I see no difference between this and sharia law.
The way various churches are lobbying for specific politicians is shameful, and reason enough to tax them. But that’s another rant, for another forum.
Again, it isn’t the employers determining moral lives, but just not paying something that goes against their morals. As for the jobs thing, that doesn’t really come into play. Jobs have plenty of conditions they put upon employees, and applicants have to choose when applying to a job whether these are things they are willing to accept these or apply somewhere else. Just because there aren’t as many jobs available doesn’t make that less true. In fact, in many ways it makes it more true (based on supply and demand principles).
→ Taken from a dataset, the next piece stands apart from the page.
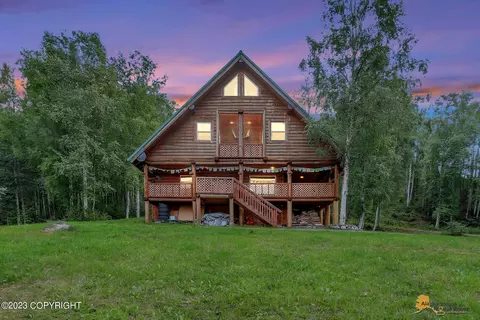 33577 S Bowersox Pl, Talkeetna, AK 99676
It isn’t that if you work at a Catholic Church run organization that you can’t get birth control, it is just that they shouldn’t have to pay for it (which is what I’ve stated from the beginning).
As for the difference between this a sharia law, that is pretty simple. This simply states that the Catholic Church doesn’t have to pay for something that goes against their conscience, but does not in any way restrict those employed by them from acting in any way outside of work, or paying for it on their own or through some other coverage; sharia law seeks to dictate how one lives their entire lives. That is a very clear difference.